Mme S. a demandé le rachat total de son contrat le 15/04/2015, demande à laquelle l’assureur a fait droit compte tenu du courrier du 10/04/2015.
Le 03/07/2015, Mme R. a déposé plainte contre son frère pour faux et usage de faux pour avoir établi le courrier du 10/04/2015 qui l’a privée du bénéfice du contrat en permettant à leur mère de procéder à un rachat total.
Le frère a été condamné le 17/05/2017 pour faux et usage de faux et Mme S. est décédée le 09/10/2019.
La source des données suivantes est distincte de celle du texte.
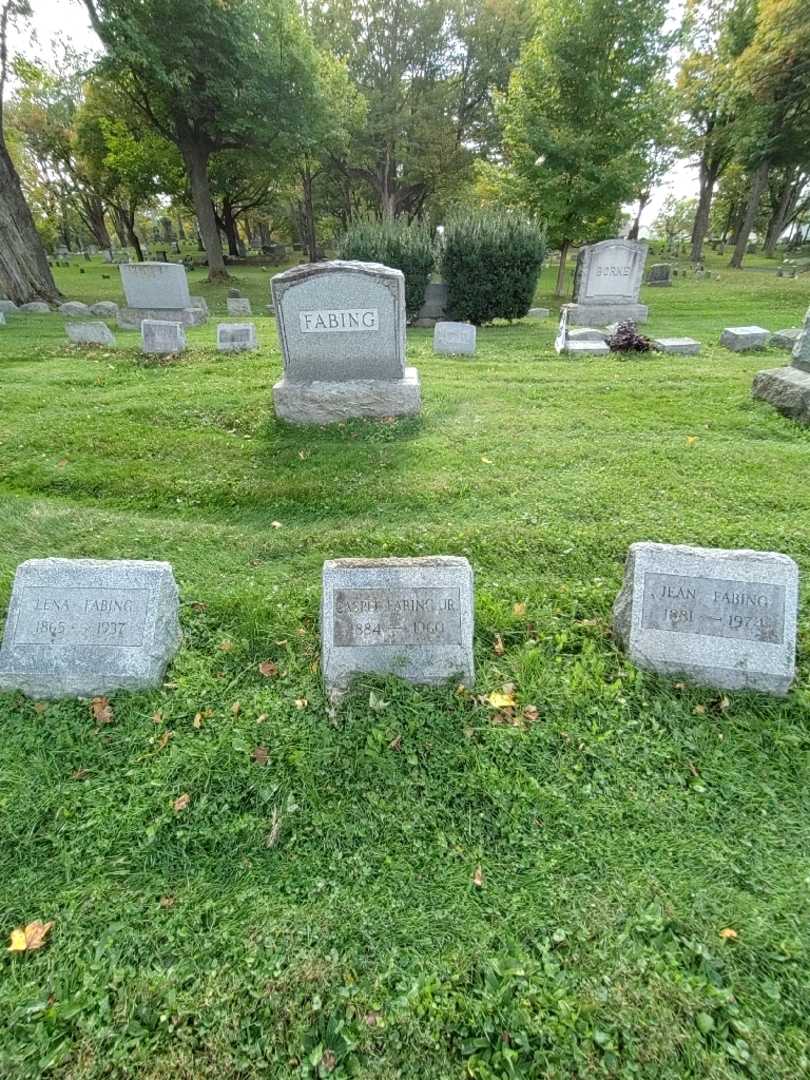 Casper Fabing Junior's grave. Photo 1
Le 30 juin 2021, Mme R. a assigné l’assureur devant le Tribunal Judiciaire au motif qu’il aurait commis une faute en procédant au rachat du contrat sans s’assurer que l’accord du bénéficiaire acceptant émanait bien de ce dernier.
De ce litige aux circonstances révélatrices de la virulence des conflits familiaux pouvant exister autour du bénéfice d’un contrat d’assurance vie, est née une problématique intéressante quant à la détermination du délai de prescription applicable à l’action de la fille de l’assurée.
La Cour d’appel de Paris a, par un arrêt du 11/10/2023, déclaré l’action de Mme R. prescrite en application de la prescription quinquennale de droit commun, en considérant qu’elle avait connaissance dès le dépôt de sa plainte le 03/07/2015 du fait dommageable dont elle était victime, que la prescription quinquennale a donc couru à compter de cette date et était acquise lorsque Mme R. a agi contre l’assureur le 30/06/2021.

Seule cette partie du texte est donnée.